In the following example, the inventors describe experiments that demonstrate that several different amino acid substitutions at position 112 in JaPAL retain the TAL activity observed in the JaPAL^F140H_S112I double mutant.

A phylogenetic analysis revealed that, while the amino acids Ser and Ile are well conserved at positions corresponding to residue 112 in JaPAL in angiosperm PAL enzymes, basal non-flower PAL enzymes possess Ile, Thr, or Val at this position (FIG. 9A). Also, another group of angiosperm PAL enzymes (clade II in FIG. 9A), which is not conserved across angiosperms, possess Thr at the corresponding position. Accordingly, we tested the TAL activity of JaPAL and JaPTAL enzymes with and without mutations to these other amino acids at residue 112. We found that substituting the Ile at this position in JaPAL^F140H_S112I with Thr or Val retains strong TAL activity with comparable kcat and Km values but substituting it with Ser does not (FIG. 9B). Thus, replacing Ser112 with Ile, Val, or Thr together with the F140H mutation could potentially convert a PAL enzyme into a PTAL enzyme.

Example 3

In the following example, the inventors describe future experiments in which engineered PAL enzymes will be tested in planta.

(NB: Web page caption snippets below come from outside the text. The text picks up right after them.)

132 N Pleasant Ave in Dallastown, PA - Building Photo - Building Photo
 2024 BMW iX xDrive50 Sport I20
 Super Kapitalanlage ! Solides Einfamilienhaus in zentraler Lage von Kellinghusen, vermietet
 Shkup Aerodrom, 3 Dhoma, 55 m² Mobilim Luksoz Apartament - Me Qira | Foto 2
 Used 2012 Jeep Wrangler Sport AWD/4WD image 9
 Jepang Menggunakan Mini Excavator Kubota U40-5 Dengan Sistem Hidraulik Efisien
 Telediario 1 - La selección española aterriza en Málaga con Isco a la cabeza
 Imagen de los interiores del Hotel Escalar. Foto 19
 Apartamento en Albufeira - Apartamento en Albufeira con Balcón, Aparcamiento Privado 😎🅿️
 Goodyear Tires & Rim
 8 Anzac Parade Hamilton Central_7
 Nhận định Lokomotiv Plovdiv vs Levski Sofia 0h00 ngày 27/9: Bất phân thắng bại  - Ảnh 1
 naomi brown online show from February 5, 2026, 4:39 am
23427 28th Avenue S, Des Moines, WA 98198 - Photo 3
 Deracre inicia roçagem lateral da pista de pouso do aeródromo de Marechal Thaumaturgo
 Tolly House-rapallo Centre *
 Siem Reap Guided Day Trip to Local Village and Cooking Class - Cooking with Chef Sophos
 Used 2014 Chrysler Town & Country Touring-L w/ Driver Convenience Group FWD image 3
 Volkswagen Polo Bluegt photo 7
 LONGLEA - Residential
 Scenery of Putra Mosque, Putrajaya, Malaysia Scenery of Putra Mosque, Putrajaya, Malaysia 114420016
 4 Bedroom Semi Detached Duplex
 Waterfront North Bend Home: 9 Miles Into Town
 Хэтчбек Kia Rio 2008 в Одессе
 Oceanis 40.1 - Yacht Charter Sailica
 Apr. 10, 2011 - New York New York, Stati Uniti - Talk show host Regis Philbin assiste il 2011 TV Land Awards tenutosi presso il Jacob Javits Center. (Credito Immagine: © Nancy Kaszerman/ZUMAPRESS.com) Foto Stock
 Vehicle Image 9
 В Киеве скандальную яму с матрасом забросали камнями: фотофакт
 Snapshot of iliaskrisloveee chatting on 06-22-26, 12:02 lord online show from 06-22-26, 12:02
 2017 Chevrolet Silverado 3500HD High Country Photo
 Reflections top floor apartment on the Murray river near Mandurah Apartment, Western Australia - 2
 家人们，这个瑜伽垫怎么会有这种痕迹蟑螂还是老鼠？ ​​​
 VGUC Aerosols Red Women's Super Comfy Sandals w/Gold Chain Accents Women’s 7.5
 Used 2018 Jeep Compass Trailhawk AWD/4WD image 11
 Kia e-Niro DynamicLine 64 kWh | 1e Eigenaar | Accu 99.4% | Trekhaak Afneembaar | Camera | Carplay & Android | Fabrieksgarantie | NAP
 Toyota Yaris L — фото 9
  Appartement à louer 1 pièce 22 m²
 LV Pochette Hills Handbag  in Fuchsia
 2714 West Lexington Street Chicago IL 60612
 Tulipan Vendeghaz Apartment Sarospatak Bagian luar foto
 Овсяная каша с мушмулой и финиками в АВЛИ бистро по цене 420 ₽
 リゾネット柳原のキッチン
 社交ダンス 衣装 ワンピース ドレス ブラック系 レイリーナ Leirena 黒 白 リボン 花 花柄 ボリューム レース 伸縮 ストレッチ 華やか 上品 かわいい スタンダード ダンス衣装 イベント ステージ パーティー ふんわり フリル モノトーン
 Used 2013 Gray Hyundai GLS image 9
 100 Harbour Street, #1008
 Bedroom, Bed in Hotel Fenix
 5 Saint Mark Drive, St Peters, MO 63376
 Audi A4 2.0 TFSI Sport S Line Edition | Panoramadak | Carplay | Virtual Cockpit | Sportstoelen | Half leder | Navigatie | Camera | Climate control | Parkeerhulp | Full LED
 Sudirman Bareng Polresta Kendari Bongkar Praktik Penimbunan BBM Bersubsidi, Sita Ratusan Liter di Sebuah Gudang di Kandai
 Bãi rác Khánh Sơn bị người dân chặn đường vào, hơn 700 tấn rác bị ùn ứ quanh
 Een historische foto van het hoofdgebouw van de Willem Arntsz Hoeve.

To test the effects of the F140H and S112I mutations in plants, we will transiently express recombinant PAL enzymes (e.g., Arabidopsis PAL_S112I-F140H) with and without the corresponding mutations in Nicotiana benthamiana using Agrobacterium-mediated transformation. Soluble metabolites will be extracted from the transformed Nicotiana leaves and quantified to determine if the production of any soluble phenylpropanoid compounds was affected by the presence of the recombinant PAL enzymes.

This experiment will also be conducted in plants that express deregulated TyrA enzymes that we previously discovered, such as Beta vulgaris TyrAalpha (Lopez-Nieves et al., Plant J 109: 844-855 (2021)). The presence of the deregulated TyrA enzymes should increase the availability of the tyrosine substrate for the TAL activity.